Густые леса, бескрайние степи, синие озёра, могучие реки, полезные ископаемые в изобилии представлены на острове. Климатических зон и поясов нет. Летом жара в тени доходит до 1076 градусов по Цельсию, зимой температура достигает минус 933 градуса по той же шкале. Резкие температурные скачки заметно сказываются на психике обывателей. Так, агент государственной службы при минус 242 градусах теряет бдительность, при минус 459 градусах участвует в заговорах, а при минус 909 градусах попросту обращается в ледяной столп, который может обоссать любая бродячая собака в ущерб прерогативам исполнительной власти. Реакция собаки на окоченелого агента всегда одинакова. На неё не может повлиять никакое стихийное или запланированное руководством бедствие.

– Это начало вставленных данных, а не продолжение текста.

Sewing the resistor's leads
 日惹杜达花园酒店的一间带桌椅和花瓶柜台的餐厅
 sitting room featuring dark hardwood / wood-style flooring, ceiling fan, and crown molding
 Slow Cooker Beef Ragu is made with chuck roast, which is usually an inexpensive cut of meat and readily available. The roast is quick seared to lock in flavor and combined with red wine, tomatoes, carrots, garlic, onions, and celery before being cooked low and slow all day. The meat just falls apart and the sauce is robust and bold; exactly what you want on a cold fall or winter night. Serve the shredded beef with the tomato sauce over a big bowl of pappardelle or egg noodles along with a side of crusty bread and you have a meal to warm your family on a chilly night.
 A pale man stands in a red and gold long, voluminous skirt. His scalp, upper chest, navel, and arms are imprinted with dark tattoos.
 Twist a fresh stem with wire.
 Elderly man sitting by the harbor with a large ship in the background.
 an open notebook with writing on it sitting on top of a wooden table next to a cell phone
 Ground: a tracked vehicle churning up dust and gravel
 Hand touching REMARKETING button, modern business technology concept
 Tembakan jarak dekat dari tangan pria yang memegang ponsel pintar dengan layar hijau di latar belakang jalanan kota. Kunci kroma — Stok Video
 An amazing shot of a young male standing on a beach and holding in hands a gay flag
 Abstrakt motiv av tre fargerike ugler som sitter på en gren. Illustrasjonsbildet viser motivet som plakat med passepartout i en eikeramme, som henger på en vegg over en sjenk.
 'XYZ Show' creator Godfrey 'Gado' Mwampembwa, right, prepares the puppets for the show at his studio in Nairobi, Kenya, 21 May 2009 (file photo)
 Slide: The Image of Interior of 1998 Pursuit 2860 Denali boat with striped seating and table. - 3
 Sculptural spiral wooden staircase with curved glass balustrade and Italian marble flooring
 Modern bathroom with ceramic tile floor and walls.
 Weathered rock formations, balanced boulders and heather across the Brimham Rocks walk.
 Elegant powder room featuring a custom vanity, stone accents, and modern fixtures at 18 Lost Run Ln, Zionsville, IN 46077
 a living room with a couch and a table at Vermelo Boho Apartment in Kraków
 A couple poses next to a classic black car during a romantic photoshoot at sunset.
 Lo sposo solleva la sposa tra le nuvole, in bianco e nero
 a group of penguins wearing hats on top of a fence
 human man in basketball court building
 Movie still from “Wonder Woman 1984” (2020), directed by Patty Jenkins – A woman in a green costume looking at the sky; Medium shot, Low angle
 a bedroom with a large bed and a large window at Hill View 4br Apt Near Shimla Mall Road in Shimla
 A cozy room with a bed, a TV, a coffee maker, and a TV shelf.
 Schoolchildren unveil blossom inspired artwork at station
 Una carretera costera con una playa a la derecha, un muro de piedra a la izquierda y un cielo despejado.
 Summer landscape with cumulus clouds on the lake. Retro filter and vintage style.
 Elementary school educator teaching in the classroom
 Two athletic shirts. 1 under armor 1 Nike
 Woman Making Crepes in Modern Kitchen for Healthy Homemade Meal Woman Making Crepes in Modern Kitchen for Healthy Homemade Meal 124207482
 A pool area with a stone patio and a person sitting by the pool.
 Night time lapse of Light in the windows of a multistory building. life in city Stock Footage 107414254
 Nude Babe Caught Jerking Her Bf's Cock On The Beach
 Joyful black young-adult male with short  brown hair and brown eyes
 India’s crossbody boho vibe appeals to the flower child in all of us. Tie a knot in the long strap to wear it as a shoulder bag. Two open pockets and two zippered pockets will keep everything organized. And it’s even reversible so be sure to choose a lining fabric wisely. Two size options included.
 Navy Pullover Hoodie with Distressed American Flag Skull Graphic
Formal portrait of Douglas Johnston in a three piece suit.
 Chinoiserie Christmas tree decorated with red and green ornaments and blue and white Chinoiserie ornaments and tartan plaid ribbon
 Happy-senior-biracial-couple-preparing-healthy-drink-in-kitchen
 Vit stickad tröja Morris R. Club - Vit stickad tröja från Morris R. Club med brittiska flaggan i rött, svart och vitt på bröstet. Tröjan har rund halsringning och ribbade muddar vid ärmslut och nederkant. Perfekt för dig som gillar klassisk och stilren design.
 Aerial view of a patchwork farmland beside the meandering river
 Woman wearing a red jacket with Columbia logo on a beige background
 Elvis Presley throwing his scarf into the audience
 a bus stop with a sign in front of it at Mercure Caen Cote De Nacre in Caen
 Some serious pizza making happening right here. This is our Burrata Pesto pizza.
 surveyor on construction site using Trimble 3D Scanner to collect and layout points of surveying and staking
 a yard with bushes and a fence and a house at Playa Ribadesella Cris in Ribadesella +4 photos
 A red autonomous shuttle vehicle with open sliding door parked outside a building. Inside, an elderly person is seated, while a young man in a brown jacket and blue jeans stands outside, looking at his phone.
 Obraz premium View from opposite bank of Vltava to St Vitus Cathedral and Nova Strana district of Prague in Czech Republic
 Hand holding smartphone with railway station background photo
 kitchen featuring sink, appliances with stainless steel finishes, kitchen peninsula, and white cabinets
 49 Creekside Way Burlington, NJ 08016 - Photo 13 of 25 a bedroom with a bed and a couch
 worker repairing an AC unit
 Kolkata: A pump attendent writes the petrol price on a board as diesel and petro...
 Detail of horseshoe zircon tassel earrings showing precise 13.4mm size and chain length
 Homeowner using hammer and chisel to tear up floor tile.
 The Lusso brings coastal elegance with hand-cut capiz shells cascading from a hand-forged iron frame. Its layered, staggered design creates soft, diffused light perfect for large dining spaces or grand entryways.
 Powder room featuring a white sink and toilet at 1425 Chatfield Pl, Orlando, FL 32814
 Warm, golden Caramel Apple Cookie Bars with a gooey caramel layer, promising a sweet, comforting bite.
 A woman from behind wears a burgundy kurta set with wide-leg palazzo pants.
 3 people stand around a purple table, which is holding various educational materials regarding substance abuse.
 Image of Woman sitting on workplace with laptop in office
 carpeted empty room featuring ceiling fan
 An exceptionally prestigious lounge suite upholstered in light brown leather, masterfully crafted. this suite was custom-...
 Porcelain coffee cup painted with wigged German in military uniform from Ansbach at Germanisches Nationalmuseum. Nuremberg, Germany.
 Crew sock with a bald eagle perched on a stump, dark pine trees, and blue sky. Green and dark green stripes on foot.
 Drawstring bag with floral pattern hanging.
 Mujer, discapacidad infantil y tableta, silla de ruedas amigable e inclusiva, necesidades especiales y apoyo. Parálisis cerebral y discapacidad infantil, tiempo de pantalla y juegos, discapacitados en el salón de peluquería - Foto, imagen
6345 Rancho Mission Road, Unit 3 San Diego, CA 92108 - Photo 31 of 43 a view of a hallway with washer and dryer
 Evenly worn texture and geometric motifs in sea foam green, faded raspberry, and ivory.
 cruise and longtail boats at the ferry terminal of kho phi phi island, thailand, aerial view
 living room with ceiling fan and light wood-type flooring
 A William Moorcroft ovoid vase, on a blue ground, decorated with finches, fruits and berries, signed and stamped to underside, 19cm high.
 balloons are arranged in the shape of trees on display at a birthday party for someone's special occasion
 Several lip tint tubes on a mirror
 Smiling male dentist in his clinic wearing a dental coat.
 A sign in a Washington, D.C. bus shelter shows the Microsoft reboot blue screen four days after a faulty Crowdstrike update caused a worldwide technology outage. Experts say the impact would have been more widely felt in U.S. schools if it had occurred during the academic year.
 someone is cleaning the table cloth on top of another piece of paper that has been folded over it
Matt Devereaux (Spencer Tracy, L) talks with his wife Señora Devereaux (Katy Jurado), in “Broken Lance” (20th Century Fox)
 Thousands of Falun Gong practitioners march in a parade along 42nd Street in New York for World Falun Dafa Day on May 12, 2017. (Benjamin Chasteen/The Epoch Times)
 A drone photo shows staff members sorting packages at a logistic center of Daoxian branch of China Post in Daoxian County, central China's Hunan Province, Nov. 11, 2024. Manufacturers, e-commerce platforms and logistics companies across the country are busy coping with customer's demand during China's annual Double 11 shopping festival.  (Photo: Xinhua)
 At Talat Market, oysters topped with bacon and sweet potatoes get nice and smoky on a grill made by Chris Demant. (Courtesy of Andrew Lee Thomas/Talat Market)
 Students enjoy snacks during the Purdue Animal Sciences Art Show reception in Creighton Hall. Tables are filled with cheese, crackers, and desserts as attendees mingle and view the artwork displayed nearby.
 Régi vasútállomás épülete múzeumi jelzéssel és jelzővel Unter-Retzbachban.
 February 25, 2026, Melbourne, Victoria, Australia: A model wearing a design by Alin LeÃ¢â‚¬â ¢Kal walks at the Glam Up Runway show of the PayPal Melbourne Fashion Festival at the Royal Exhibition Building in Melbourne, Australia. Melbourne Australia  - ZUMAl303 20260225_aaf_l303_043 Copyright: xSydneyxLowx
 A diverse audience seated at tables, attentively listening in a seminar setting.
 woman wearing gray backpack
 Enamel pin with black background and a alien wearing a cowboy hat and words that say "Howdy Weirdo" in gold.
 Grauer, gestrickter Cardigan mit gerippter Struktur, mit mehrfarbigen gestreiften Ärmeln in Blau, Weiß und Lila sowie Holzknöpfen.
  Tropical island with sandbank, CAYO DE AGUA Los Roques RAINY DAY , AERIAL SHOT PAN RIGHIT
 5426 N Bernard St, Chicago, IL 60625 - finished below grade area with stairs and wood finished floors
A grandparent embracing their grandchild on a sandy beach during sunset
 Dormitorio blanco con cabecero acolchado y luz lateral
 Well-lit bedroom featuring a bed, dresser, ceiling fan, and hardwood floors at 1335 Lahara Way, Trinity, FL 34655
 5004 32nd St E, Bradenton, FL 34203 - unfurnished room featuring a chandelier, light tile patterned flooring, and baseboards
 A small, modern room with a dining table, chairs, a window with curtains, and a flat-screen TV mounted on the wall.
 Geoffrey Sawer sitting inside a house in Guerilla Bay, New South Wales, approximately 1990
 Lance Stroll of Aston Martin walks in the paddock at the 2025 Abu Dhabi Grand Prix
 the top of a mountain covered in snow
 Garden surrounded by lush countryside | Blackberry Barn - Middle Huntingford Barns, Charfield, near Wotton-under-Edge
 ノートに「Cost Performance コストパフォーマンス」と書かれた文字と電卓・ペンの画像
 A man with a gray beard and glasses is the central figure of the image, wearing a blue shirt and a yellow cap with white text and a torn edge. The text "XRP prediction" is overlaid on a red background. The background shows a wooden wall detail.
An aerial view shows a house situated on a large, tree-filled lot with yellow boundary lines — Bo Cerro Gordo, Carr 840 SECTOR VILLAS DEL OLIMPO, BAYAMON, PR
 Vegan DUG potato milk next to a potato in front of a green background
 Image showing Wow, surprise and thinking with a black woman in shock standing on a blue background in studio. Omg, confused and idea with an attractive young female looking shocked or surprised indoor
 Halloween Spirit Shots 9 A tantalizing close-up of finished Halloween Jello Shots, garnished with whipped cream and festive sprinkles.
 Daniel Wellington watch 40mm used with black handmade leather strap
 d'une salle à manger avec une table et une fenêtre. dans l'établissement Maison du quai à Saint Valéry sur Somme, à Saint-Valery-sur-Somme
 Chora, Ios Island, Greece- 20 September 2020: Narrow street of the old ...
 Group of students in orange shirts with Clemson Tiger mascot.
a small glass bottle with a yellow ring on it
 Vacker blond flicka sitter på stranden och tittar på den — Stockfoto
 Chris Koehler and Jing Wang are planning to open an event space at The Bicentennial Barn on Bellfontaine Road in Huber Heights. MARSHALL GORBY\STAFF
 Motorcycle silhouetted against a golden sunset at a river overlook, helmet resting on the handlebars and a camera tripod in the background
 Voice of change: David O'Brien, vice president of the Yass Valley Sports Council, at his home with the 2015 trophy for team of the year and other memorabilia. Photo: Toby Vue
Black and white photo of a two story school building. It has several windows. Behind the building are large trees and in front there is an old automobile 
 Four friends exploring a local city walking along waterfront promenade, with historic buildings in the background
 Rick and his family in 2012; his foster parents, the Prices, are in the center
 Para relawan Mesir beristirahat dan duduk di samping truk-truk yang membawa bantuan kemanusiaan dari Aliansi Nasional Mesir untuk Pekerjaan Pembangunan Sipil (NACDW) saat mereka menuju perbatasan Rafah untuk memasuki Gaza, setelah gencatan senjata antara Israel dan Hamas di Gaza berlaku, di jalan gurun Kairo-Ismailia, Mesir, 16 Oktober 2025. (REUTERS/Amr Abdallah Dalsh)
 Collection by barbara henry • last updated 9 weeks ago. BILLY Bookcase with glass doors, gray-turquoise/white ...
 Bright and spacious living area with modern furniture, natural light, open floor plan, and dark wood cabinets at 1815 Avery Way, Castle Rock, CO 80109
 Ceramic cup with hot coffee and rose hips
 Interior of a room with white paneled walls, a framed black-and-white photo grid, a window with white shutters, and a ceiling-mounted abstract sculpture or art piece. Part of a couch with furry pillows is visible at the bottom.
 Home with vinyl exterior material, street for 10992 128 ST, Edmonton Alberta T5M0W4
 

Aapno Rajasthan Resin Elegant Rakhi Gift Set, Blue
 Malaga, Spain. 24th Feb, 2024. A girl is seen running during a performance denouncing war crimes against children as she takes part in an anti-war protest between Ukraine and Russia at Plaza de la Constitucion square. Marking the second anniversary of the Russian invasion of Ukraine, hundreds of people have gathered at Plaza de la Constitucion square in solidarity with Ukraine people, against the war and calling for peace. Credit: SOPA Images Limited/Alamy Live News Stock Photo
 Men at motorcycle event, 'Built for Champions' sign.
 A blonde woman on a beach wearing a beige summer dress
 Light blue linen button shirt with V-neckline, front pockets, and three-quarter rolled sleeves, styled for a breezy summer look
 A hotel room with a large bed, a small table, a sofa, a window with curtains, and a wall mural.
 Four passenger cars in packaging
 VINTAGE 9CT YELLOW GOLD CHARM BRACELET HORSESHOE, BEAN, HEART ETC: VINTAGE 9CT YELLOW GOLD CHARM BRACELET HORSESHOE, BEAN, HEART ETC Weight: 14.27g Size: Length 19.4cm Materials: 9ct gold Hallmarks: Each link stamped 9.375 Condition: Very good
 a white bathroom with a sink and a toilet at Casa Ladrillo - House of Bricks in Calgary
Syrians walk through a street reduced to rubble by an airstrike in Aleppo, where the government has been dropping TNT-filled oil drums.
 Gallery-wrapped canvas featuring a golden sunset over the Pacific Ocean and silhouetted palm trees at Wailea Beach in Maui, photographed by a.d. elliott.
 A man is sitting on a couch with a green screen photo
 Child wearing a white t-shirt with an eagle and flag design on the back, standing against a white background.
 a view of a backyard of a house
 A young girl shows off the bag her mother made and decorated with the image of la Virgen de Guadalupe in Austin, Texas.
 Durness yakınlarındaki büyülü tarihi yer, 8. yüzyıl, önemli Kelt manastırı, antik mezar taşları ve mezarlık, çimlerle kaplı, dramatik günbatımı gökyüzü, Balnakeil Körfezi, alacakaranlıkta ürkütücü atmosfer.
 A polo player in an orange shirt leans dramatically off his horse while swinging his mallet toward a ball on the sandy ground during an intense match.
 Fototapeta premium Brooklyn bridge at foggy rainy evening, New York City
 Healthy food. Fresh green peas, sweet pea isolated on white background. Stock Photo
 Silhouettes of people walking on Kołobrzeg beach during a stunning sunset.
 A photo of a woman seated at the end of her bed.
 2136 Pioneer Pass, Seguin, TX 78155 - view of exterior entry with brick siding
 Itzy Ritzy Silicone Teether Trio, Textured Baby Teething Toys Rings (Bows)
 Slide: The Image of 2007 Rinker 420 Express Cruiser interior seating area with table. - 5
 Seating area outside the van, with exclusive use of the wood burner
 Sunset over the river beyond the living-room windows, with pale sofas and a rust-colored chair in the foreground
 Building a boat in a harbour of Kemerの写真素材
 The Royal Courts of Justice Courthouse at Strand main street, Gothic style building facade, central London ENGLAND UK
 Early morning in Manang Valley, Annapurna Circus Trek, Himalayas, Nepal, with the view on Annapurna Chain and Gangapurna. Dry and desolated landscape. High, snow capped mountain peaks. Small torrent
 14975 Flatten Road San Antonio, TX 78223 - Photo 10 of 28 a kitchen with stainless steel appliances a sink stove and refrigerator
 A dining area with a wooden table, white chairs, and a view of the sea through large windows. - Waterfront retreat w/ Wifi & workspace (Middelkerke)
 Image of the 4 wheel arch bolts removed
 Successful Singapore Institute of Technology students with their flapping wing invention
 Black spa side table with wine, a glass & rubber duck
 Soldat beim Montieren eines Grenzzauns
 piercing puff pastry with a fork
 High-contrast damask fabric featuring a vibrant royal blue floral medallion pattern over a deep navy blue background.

Уже упоминались некоторые из легенд, саг и рун о древнем ГНИИПИ. Исторические же факты свидетельствуют о том, что на острове с незапамятных времён обитал народ Гнииповцев. Они селились в бараках, живописно рассеянных среди гор и долин. Основными их занятиями были пьянство, грабёж и разбой, насилие над личностью, попрание достоинства ближних и политическая деятельность. С течением времени огромные скопления бараков стали образовывать города — столицу город ГНИИПИ, Пидер, Блябу, Щябля… Расположенные на берегах полноводных рек Гавнянки и Кровянки, города крепли и богатели.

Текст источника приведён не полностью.